Author: Houdini was a pioneer filmmaker and promoter, as well as magician

by Steve Reed on July 23rd, 2010 Comment

When most people think of the magician Harry Houdini, they think of his legendary escapes -- from handcuffs, locked cabinets full of water, milk canisters, submerged packing crates.

But Matthew Solomon, associate professor of media culture at CUNY’s College of Staten Island, thinks of Houdini as something else -- a media pioneer.

Solomon is the author of “Disappearing Tricks: Silent Film, Houdini, and the New Magic of the Twentieth Century,” published early this year. He spoke to an audience of about 80 people at the East Brunswick Public Library on Thursday night.

Author Matthew Solomon showed the audience films and images of Harry Houdini and his famous escape tricks.

Houdini, who rose to fame just as moving pictures were taking hold in the popular culture, used the new medium of film to advance his career and reputation. He incorporated films into his live appearances, and he filmed many of his public stunts and wove them into movies that blended fact and fantasy.

Solomon likened it to an early 20th Century version of Reality TV.

“Houdini is a magician of the media, and he’s ahead of his time in that way,” Solomon said.

Houdini -- who was born Erik Weisz in Budapest, Hungary, in 1874 -- began rising to fame as a magician about twenty years later. Around the same time, in 1896, moving pictures were first publicly exhibited.

“Interestingly enough, Houdini is right there at the beginning,” Solomon said. Houdini performed some of his first escapes around the same time that he traveled with a motion picture show through Wisconsin, his adopted home state.

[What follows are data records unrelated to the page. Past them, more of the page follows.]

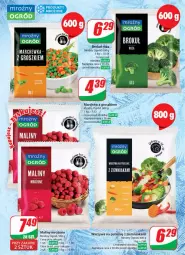 Gazetka promocyjna Dino - Gazetka 35 / 2024 - Gazetka - ważna od 03.09 do 03.09.2024 - strona 25 - produkty: Warzywa, Róża, Maliny, Ogród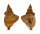 PERSONIDAE DISTORSIO KURZI shell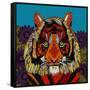 Tiger Chief Blue-Sharon Turner-Framed Stretched Canvas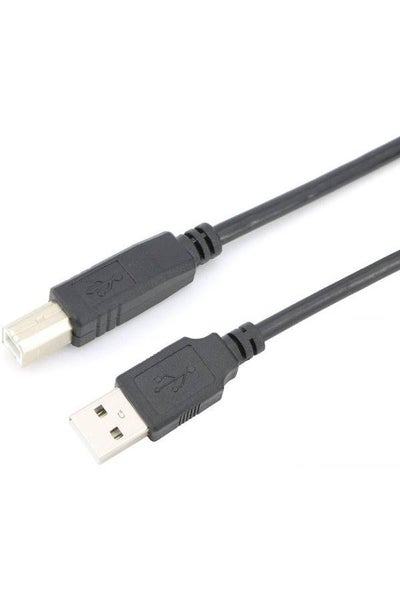 Usb A Male To B Male Cable For Printer 10feet Black Price In Uae Noon Uae Kanbkam 5987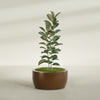 Casablanca Large Round Low Bowl Fiberglass Planter - 30 in x 30 in x 15 in - Metallic Bronze - Metallic Bronze,30 in x 30 in x 15 in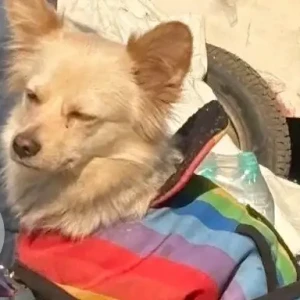 A White Pomeranian Dog Found from BIBA showroom on Ring Road Lajpat Nagar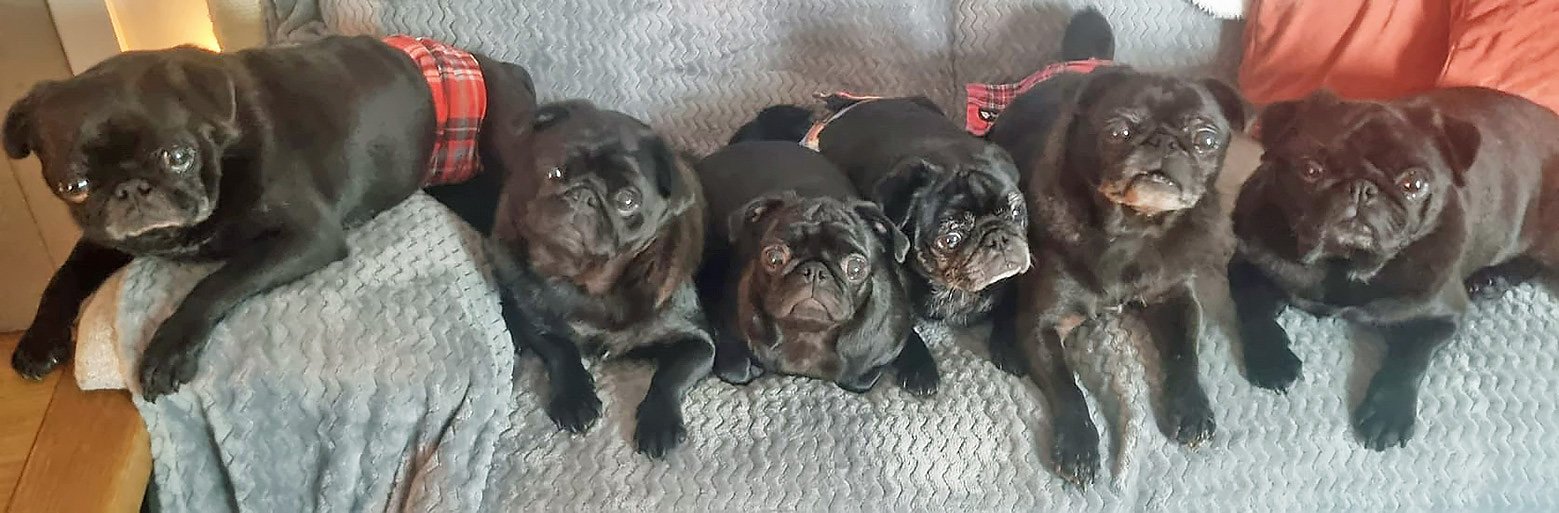 Happy National Black Dog Day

Within a few years, Houdini was working in Europe, where his performances also coincided with motion picture shows. While in France, he bought and no doubt learned from some early films by a French filmmaker. And in 1906, Houdini began using films in his own act.

“This to me proves that Houdini’s appeal was not based on liveness,” Solomon said. While danger and the possibility of death accompanied his live stunts, Houdini also showed his audiences filmed stunts that he had clearly already survived.

A 1907 New York Times article, for example, mentioned a performance by Houdini where he showed a film of one of his bridge jumps. Solomon also showed one of those early films, in which Houdini strips to his boxers, is handcuffed and climbs to the upper girders of a bridge. He leaps off and emerges from the water moments later with his arms free, and swims to shore.

“He knew he was being photographed, he knew he was being filmed as he does these stunts, so it becomes really a kind of movie-making,” Solomon said. Filming the stunts was also a way to record them for posterity.

Eventually, through film editing, Houdini was able to weave the filmed stunts into fictional movies -- to “take a real piece of actuality and build a story around it,” Solomon said. He also began to be more transparent about the tricks themselves, filming them and sharing with viewers some of his techniques for escape.

“This is a move toward a more visible magic, something that didn’t need to be concealed,” Solomon said.

For example, in one of his later films, Houdini is shown being held by a captor, his arms tied to the wall above his head. Houdini swings himself up to wrap his legs around his captor’s neck, rendering him unconscious. He then wriggles his feet out of his shoes and socks -- without using his hands -- and uses his toes to fish a key from his unconscious captor’s pocket. He uses the key to open a nearby door, and swings himself up to rest his weight on the top of the door while using his teeth to untie his restraints.

In 1918, Houdini performed in a film serial called “The Master Mystery.” He eventually moved to Hollywood and began making his own feature-length movies, surrounding himself with luminaries like Gloria Swanson, Buster Keaton and Charlie Chaplin.

The movies extended Houdini’s fame around the globe, showing in countries such as India and Japan. Houdini himself traveled to Australia.

But respect in Hollywood eluded Houdini, and his film projects were not financially successful. Solomon said this has to do less with Houdini’s acumen as an actor than with his insistence on writing, acting in and promoting the films, and his lack of a studio-style machine for distribution.

Houdini died in 1926, from a burst appendix.

While Solomon said his father gave him a book about Houdini when he was a child, he confessed to being less interested in the magic than in Houdini’s role in the history of modern media. As a gifted promoter and showman, “he fits so much the definition of the self-made man, and the American of the early 20th Century who could do anything,” Solomon said.

He also pointed out that modern magicians such as Criss Angel and David Blaine perform stunts that descend from Houdini’s repertoire.

Some audience members asked whether Houdini’s physique allowed him to perform his escapes, through double-jointedness or an ability to dislocate joints. But Solomon said there are no indications that differences in Houdini’s body enabled his talents, while his media-savvy skills were what really led to his fame.

“It’s interesting to me that we’re looking for something in the man that’s different, in his body,” he said. “I don’t think we’re going to find Houdini there.”